Segment Open
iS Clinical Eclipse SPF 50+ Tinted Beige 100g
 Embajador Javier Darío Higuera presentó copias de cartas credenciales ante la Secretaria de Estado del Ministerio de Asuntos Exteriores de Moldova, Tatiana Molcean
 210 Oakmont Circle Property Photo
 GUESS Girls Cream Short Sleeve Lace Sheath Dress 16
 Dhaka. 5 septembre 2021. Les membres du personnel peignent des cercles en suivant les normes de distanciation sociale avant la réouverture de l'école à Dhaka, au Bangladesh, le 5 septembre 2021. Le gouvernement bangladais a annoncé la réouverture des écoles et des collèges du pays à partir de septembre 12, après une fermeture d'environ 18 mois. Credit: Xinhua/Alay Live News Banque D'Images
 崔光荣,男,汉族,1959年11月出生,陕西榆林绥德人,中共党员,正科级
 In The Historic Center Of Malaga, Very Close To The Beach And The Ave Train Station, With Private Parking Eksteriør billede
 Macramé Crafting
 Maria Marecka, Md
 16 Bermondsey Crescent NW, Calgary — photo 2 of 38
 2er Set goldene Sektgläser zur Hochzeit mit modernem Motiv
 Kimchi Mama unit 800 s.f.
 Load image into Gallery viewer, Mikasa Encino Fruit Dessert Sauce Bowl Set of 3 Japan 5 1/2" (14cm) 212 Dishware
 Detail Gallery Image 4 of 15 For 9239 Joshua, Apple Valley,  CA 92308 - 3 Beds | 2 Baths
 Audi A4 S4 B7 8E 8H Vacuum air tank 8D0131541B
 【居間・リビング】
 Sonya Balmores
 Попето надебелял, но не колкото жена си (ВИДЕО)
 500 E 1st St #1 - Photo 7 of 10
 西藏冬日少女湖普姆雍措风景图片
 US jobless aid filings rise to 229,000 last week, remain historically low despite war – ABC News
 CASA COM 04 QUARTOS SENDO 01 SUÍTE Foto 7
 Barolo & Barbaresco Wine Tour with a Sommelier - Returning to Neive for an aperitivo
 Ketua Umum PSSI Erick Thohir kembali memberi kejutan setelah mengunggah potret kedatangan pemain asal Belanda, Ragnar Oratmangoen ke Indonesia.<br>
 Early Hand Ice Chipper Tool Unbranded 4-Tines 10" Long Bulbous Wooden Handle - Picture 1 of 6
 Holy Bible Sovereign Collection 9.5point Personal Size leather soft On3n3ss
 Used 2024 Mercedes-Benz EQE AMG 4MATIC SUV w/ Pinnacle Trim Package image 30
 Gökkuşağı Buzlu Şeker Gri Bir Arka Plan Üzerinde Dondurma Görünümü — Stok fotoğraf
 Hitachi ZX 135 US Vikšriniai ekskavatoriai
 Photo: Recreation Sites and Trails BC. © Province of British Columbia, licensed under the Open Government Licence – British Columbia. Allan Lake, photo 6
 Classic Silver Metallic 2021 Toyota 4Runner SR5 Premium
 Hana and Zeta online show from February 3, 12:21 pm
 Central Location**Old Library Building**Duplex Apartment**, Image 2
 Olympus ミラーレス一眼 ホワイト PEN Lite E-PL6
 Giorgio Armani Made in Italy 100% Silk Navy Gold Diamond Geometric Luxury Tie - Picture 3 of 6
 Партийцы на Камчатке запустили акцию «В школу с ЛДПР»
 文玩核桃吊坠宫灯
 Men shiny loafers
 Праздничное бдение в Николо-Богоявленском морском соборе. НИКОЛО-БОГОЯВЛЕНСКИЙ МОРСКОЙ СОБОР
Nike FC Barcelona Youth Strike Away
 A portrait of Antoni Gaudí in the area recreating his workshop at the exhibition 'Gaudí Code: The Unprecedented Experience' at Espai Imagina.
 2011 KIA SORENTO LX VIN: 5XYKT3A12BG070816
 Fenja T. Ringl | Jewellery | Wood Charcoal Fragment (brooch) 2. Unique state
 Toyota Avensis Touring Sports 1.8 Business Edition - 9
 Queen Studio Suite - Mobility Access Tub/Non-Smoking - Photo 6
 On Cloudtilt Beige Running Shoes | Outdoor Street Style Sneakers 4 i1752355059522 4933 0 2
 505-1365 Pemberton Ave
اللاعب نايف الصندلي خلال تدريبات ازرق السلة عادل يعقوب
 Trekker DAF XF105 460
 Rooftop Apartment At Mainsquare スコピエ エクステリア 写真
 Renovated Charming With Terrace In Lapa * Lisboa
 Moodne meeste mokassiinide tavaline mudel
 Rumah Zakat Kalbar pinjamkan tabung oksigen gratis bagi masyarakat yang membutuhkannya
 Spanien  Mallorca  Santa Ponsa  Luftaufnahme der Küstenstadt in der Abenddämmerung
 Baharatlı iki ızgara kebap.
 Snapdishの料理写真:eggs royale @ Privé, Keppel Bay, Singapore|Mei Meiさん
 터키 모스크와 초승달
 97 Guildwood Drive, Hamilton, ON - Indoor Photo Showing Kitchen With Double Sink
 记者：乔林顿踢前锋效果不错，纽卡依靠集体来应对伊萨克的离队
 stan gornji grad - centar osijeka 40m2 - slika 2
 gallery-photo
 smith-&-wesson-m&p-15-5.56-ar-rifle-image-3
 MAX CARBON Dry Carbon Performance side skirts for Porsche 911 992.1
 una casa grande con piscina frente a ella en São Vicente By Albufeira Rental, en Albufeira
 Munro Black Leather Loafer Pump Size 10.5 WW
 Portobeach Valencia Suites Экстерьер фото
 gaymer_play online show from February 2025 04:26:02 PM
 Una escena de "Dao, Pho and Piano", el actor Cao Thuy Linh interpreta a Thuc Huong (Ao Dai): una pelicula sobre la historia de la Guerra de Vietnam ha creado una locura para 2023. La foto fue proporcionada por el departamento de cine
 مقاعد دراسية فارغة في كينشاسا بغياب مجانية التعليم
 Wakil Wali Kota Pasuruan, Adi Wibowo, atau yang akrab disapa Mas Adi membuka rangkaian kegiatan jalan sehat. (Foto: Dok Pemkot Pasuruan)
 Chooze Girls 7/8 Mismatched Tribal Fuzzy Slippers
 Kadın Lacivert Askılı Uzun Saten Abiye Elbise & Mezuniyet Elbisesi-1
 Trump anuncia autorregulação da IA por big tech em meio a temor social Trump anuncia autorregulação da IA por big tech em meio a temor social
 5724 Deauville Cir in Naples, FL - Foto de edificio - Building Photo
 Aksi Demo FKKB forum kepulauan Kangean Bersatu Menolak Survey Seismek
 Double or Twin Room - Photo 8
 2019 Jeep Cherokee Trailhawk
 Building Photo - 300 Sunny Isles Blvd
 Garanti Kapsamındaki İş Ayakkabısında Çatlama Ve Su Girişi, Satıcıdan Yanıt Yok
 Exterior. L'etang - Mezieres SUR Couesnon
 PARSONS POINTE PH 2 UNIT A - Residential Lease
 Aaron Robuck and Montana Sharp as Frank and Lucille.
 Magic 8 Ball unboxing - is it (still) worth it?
Segment Closed
* [Task goal]: Everything from the line that contains "Munro Black Leather Loafer Pump Size 10.5 WW" through the end of the records must be duplicated exactly, and nothing outside that range.

* [Solved exercise]:
 Munro Black Leather Loafer Pump Size 10.5 WW
 Portobeach Valencia Suites Экстерьер фото
 gaymer_play online show from February 2025 04:26:02 PM
 Una escena de "Dao, Pho and Piano", el actor Cao Thuy Linh interpreta a Thuc Huong (Ao Dai): una pelicula sobre la historia de la Guerra de Vietnam ha creado una locura para 2023. La foto fue proporcionada por el departamento de cine
 مقاعد دراسية فارغة في كينشاسا بغياب مجانية التعليم
 Wakil Wali Kota Pasuruan, Adi Wibowo, atau yang akrab disapa Mas Adi membuka rangkaian kegiatan jalan sehat. (Foto: Dok Pemkot Pasuruan)
 Chooze Girls 7/8 Mismatched Tribal Fuzzy Slippers
 Kadın Lacivert Askılı Uzun Saten Abiye Elbise & Mezuniyet Elbisesi-1
 Trump anuncia autorregulação da IA por big tech em meio a temor social Trump anuncia autorregulação da IA por big tech em meio a temor social
 5724 Deauville Cir in Naples, FL - Foto de edificio - Building Photo
 Aksi Demo FKKB forum kepulauan Kangean Bersatu Menolak Survey Seismek
 Double or Twin Room - Photo 8
 2019 Jeep Cherokee Trailhawk
 Building Photo - 300 Sunny Isles Blvd
 Garanti Kapsamındaki İş Ayakkabısında Çatlama Ve Su Girişi, Satıcıdan Yanıt Yok
 Exterior. L'etang - Mezieres SUR Couesnon
 PARSONS POINTE PH 2 UNIT A - Residential Lease
 Aaron Robuck and Montana Sharp as Frank and Lucille.
 Magic 8 Ball unboxing - is it (still) worth it?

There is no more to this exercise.